Palavras-chave: Psicossomática psicanalítica, O trabalho do negativo, Patologias não neuróticas.


ABSTRACT

This article addresses the main foundations of Pierre Marty's psychoanalytical psychosomatics, which represented an advance in the understanding and psychotherapeutic treatment of somatisers in the second half of the last century. At the turn of this century, Andre Green's research established new theoretical basis for a better understanding of non-neurotic pathologies, among which he included psychosomatics. The group of non-neurotic psychopathologies is characterized by presenting egoic fragility, flaws in the symbolization process and a tendency to act, in which the action of the deobjectalizing function and the work of the negative are fundamental elements.

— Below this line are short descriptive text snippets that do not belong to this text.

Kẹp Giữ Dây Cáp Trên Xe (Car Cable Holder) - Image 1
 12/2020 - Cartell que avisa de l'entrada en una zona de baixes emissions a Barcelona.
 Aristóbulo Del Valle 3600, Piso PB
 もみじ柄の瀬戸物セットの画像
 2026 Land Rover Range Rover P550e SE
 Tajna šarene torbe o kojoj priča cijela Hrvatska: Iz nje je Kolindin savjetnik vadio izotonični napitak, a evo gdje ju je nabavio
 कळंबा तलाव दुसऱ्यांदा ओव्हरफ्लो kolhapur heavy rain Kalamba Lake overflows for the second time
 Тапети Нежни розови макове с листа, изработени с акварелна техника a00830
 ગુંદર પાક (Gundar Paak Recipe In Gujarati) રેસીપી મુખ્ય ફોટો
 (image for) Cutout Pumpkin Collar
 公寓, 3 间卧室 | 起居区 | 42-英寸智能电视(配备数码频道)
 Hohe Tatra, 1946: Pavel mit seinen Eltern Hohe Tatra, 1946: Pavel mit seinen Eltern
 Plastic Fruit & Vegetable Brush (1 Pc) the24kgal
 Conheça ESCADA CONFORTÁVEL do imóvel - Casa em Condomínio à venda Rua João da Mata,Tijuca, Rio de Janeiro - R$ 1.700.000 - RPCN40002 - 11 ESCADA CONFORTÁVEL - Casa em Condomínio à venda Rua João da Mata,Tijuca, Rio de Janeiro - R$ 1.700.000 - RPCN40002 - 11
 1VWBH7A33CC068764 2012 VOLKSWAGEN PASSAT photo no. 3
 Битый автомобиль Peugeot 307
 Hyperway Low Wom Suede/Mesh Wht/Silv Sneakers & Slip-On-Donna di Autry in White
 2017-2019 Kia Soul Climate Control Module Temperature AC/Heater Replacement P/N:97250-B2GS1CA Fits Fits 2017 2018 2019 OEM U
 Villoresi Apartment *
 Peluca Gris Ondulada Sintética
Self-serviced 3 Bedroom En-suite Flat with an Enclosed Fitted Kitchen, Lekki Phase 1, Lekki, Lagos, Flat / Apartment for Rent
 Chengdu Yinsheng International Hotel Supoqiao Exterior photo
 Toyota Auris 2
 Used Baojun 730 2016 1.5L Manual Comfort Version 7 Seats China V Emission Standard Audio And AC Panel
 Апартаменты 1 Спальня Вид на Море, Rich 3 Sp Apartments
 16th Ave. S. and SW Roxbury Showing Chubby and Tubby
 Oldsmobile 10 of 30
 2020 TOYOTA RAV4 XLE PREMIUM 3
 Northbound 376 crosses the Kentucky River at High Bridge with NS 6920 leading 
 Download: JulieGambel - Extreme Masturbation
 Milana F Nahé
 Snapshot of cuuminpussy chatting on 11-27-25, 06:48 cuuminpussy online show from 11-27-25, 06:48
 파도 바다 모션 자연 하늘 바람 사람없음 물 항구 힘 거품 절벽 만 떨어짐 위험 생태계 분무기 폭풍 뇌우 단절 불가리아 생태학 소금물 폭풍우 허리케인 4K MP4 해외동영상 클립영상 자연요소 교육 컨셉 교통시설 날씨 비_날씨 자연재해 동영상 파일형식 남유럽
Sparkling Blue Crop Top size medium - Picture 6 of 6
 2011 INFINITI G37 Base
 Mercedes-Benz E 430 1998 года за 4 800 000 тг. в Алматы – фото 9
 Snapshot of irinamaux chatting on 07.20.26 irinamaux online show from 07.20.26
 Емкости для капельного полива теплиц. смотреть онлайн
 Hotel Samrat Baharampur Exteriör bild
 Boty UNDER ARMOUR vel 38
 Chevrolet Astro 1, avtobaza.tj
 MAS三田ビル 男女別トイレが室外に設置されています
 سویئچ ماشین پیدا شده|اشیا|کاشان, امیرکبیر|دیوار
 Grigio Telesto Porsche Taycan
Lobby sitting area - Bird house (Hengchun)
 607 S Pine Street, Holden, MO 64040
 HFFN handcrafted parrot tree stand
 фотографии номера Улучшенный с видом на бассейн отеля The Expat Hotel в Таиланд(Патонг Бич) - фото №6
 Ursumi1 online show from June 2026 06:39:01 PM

Keywords: Psychoanalytical psychosomatics, The work of the negative, Non-neurotic pathologies.


 

Origens históricas

No início da década de 1950, Pierre Marty e seus colegas da Escola Psicossomática de Paris tiveram o mérito de identificar nos pacientes somatizadores, com queixas de cefaleia, um funcionamento psíquico diferente daquele dos neuróticos. Até então, as somatizações eram vistas como um sintoma semelhante às neuroses, fruto do recalcamento.

As neuroses atuais de Freud, identificadas em 1895, foram as primeiras observações psicanalíticas das patologias que se manifestavam com sintomas preferencialmente somáticos. Freud atribui como causa a ausência ou inadequação da satisfação sexual. A libido acumulada transformava-se diretamente em angústia sem mediação psíquica. Acreditava que a causa se devia a uma substância química, que seria identificada mais adiante.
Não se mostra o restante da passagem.